If it's very long term, then it's not as bad because it takes into account users listening more often and over a longer period of time. One way of getting additional longer term listens is including signals like tastes of similar users and other things many of us music-lovers would consider "good". And the profit part means including signals like cost-per-stream of each song. A very long time-horizon requires finding good tradeoffs between all these signals.
My guess is the time-horizon is monthly to quarterly. This is because of market pressures (public markets demand quarterly results) and the practicality of measuring the results. You can't measure/improve infinite time-horizon optimization.

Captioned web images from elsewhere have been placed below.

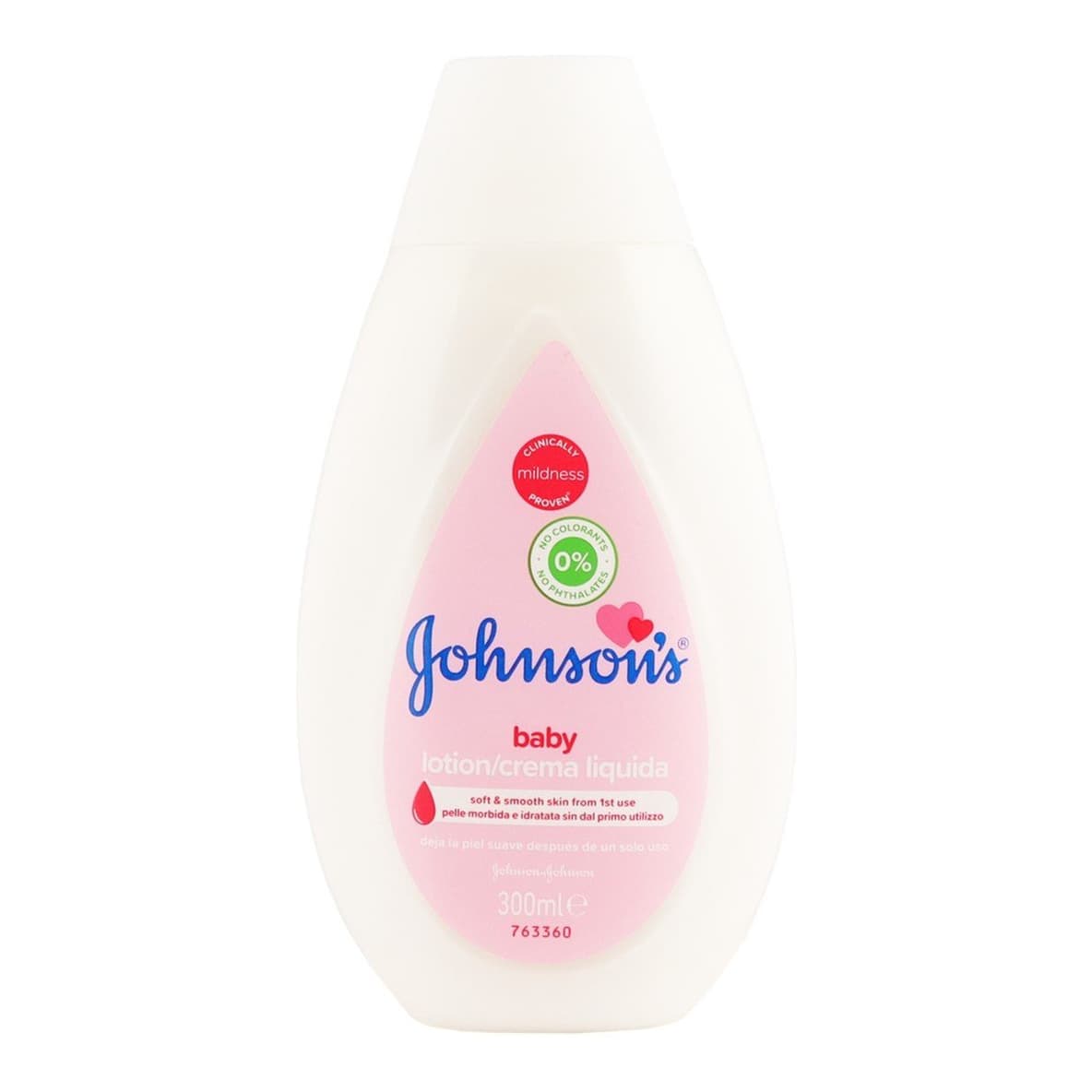 Lotion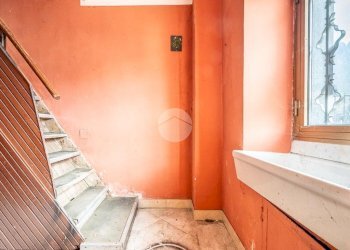 Rustico Via delle Cascine, Cafasse - foto 12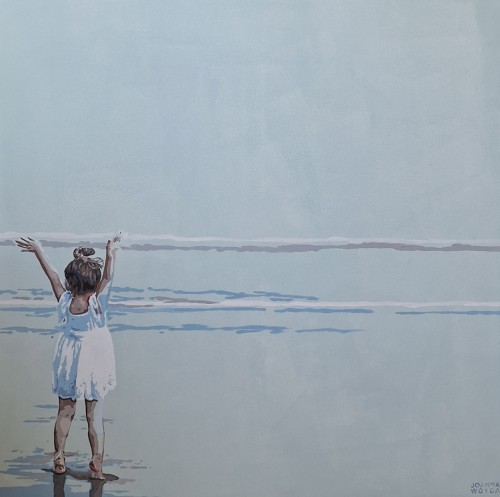 Joanna Woyda – Happiness (1)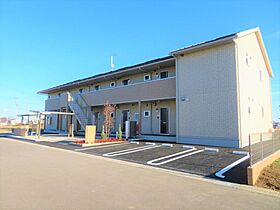 ルクセール 102 ｜ 栃木県小山市大字立木（賃貸アパート1LDK・1階・40.07㎡） その30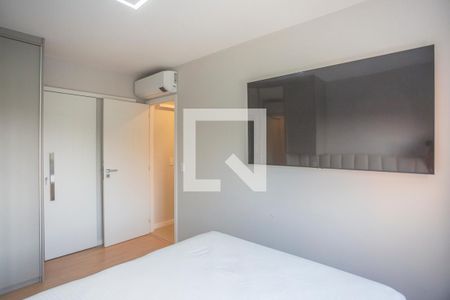 Apartamento para alugar com 57m², 2 quartos e 2 vagas Apartamento para alugar com 57m², 2 quartos e 2 vagasSuíte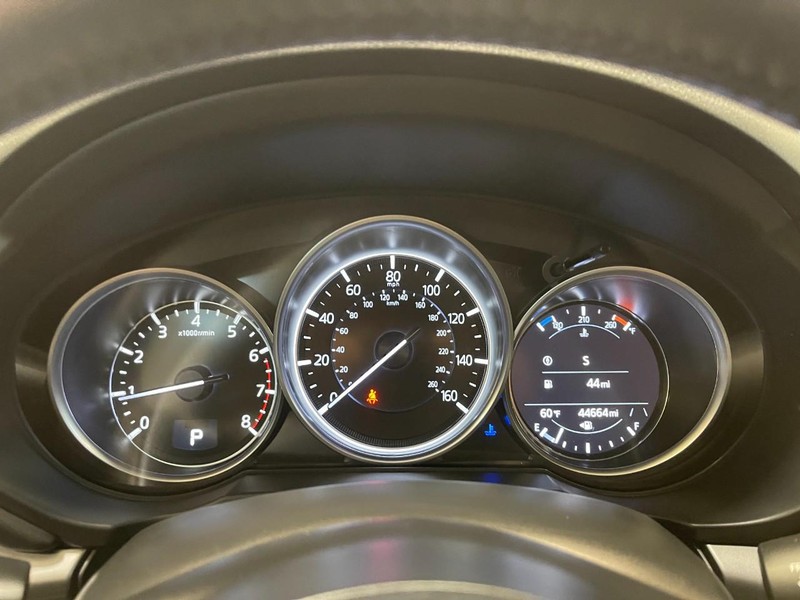 Mazda CX-5 Vehicle Image 29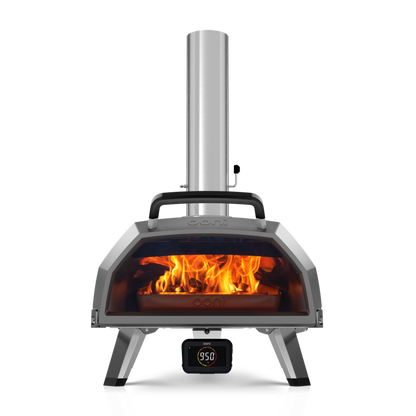 Ooni Karu 2 Pro Gasbrennerbündel (Erdgas)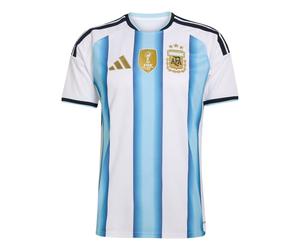 adidas Argentina 26 Home 'White Icey Blue Light Blue' JM8396 S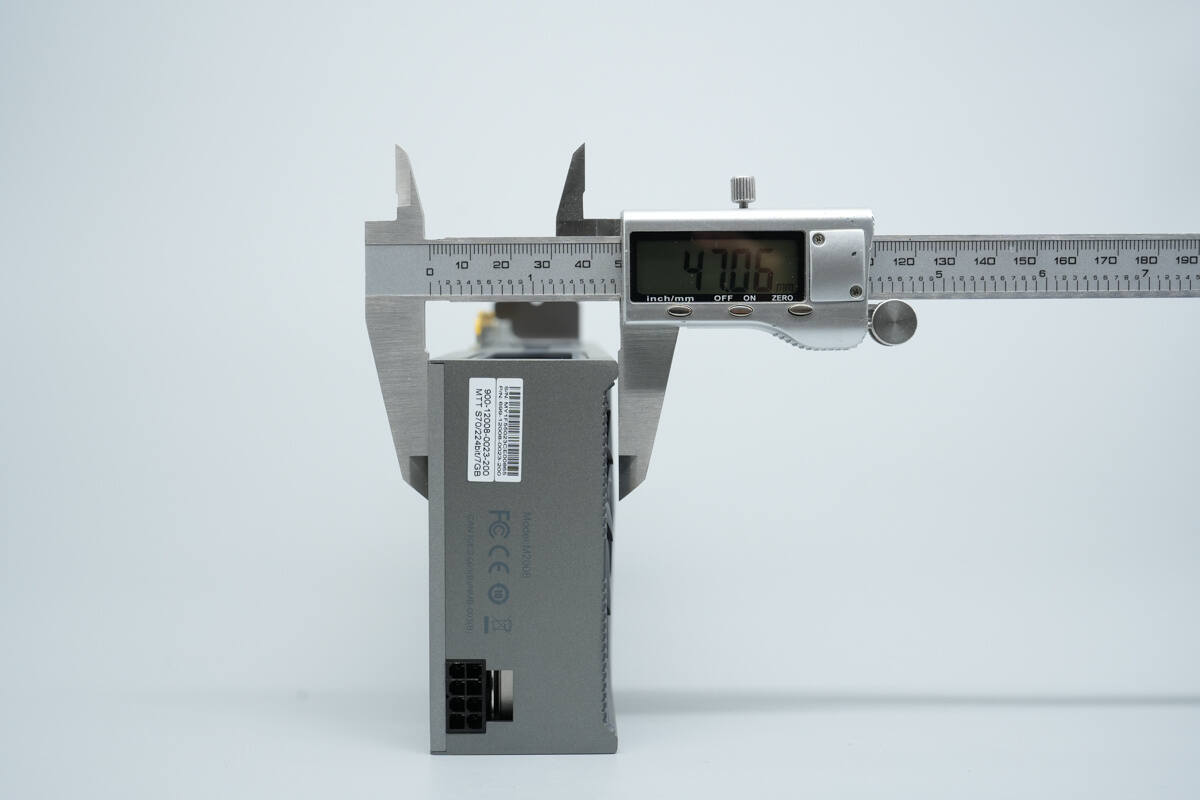 Teardown of Moore Threads MTT S70 Graphics Card-Chargerlab
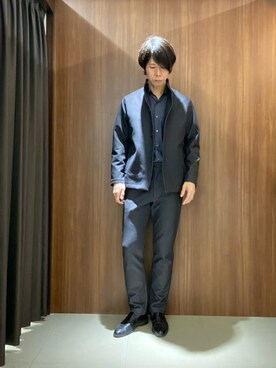 かたやまさんのコーディネート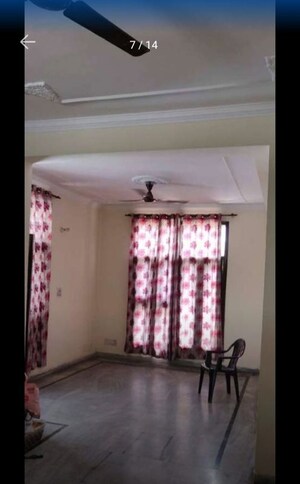Bedroom in 2 BHK Builder Floor at Sector 50 – for Rent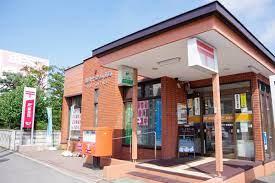 旭川市八条通２４丁目の中古一戸建て(旭川十条郵便局)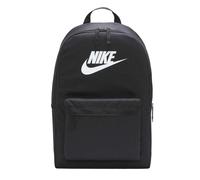 (One Size, Black) Nike Heritage Logo Backpack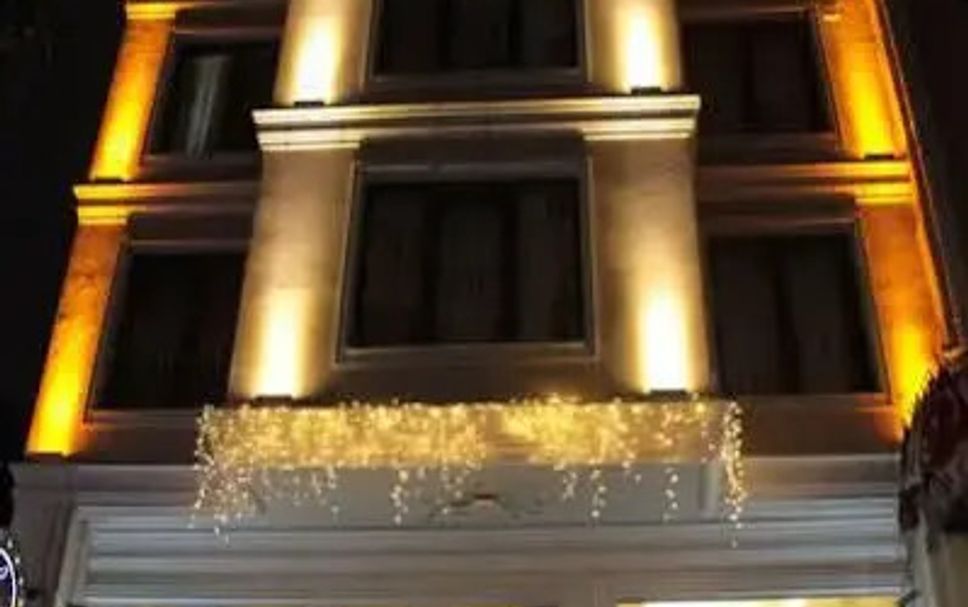 Bâtiment Photo
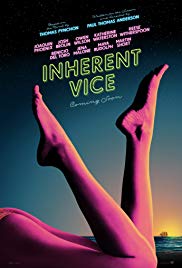 ดูหนังออนไลน์ Inherent Vice ยอดสืบจิตไม่เสื่อม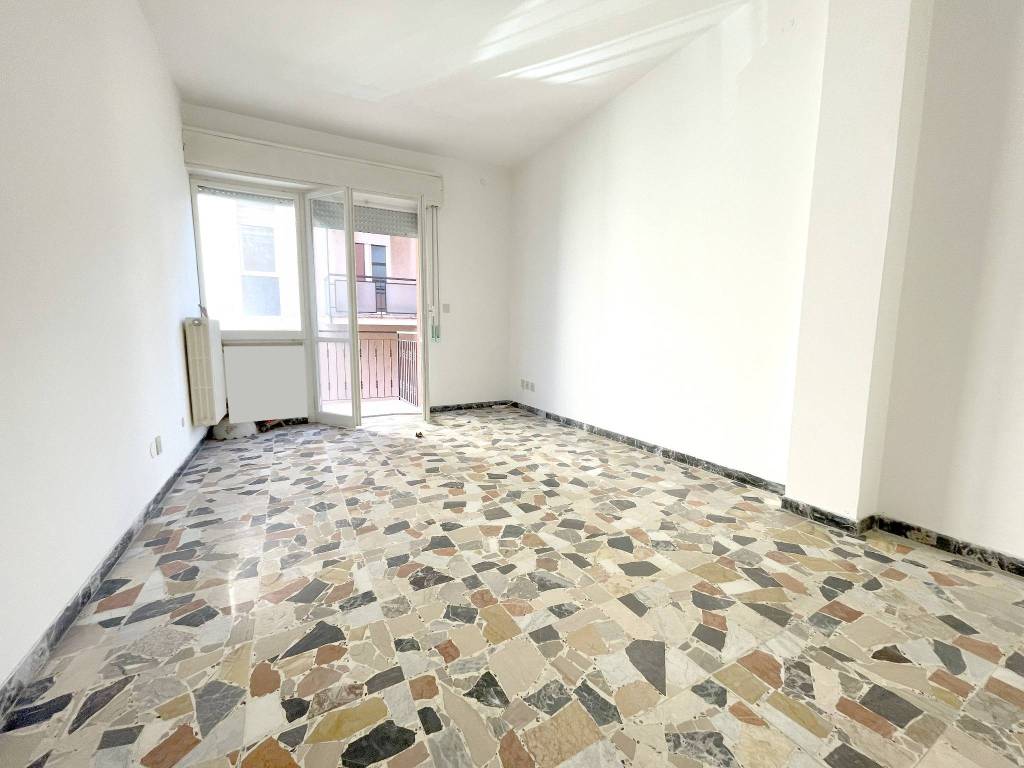 appartamento in vendita a Rimini in zona Borgo Mazzini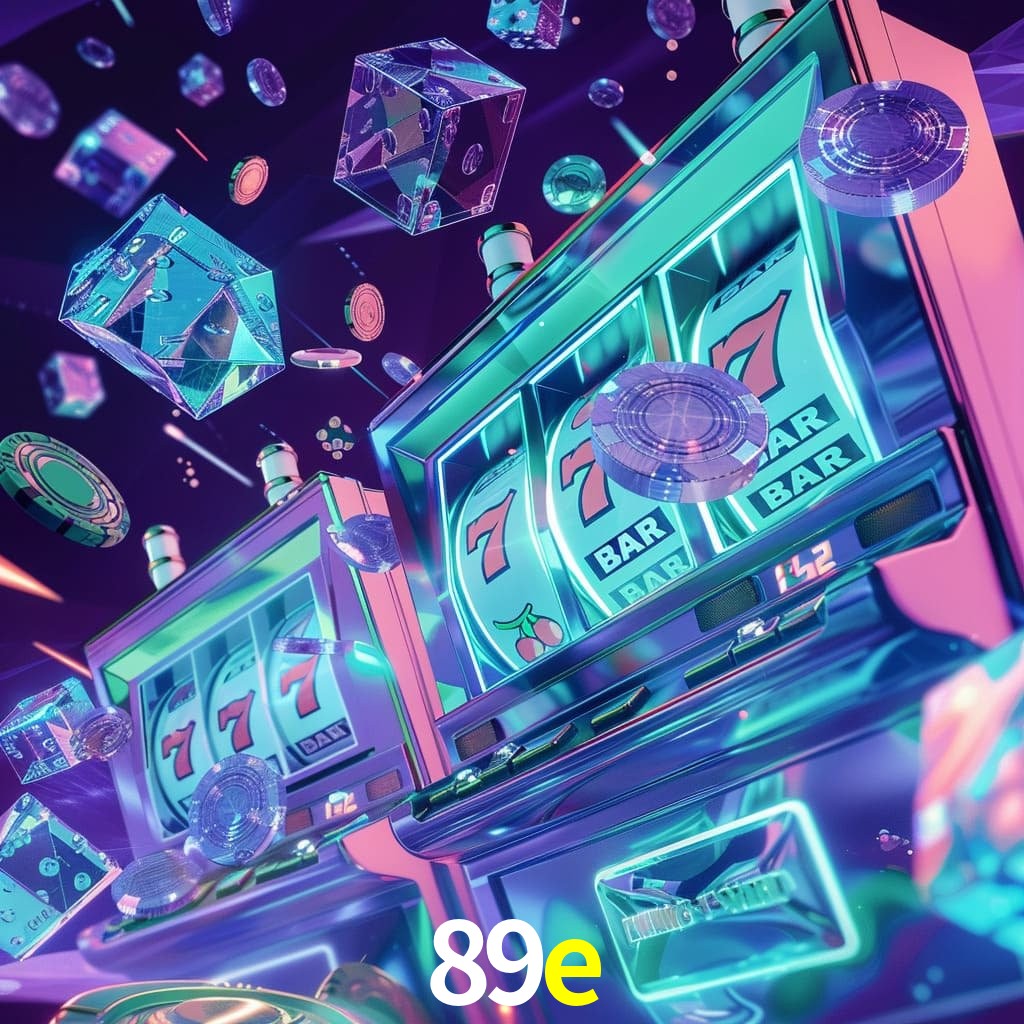 Download para Android e iOS na 89e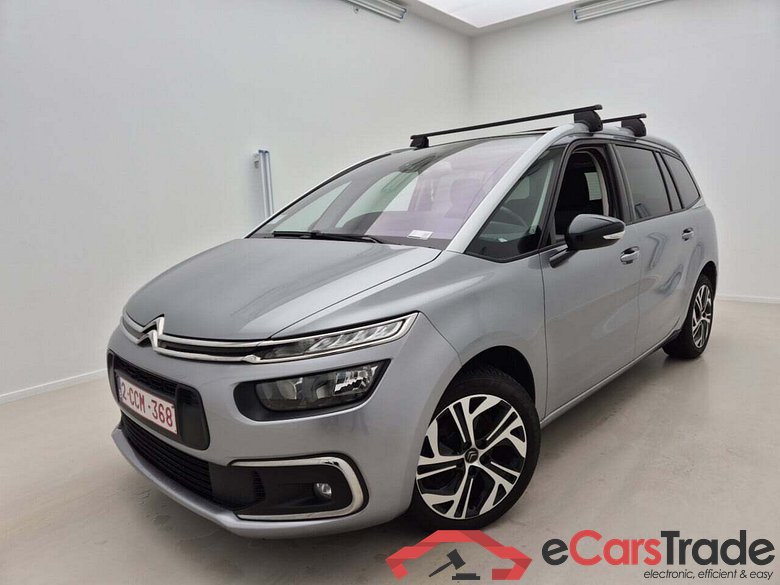 Citroen Grand C4 Picasso 1.5 BlueHDI 7PL Virtual Navi Camera Klima PDC … #1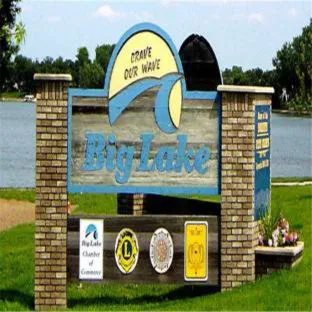 Americas Best Value Inn Big Lake Becker hotel detail image 1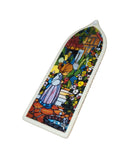 Precious Moments Ornament PM690, Blessed are the Pure in Heart, for They Shall See God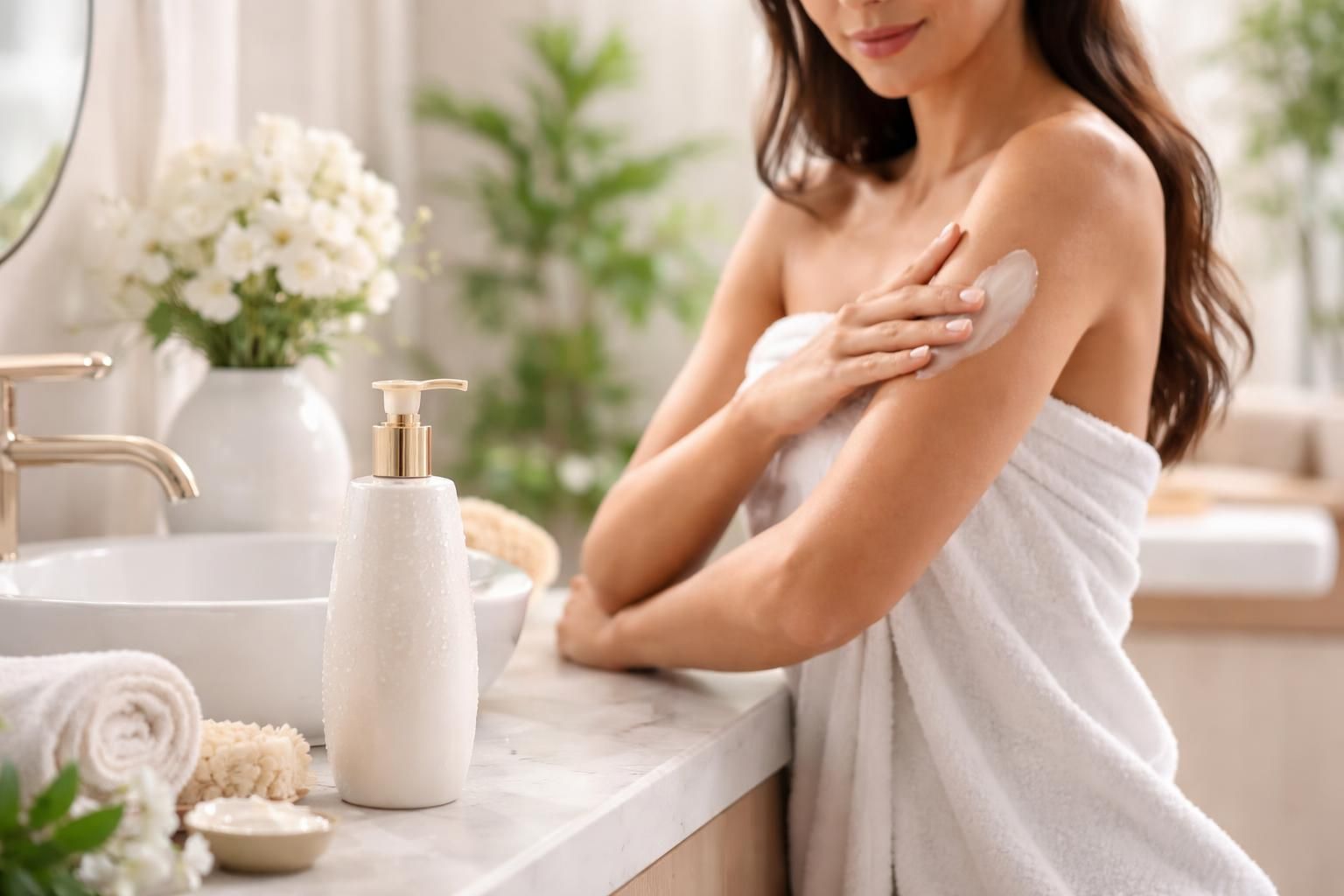 découvrez pourquoi intégrer un lait pour le corps raffermissant dans votre routine quotidienne aide à tonifier, hydrater et améliorer l'élasticité de votre peau pour un soin optimal.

This will still have the effect of selecting for users that aren't as sensitive to what they are hearing. They will not leave as quickly. These are the users the platform wants, as these users afford the platform more leeway in shifting the tradeoff from quality signals to cost-per-stream. Eventually, this will push out many of us music-lovers and the artists we love. Once this reaches a tipping point, there will be room in the market for another service to cater to music-lovers. But, given market pressures, they will almost certainly walk the same path as Spotify in the long term.
For me, the implication is to own my own music. I always have and always will. I only use streaming platforms for discovery. But as soon as I decide I like something enough, I buy it. I almost always buy albums, not individual songs. That lets me see if I want to follow that artist more deeply. This is expensive and time-consuming relative to streaming. It's dirt cheap relative to what I get out of music.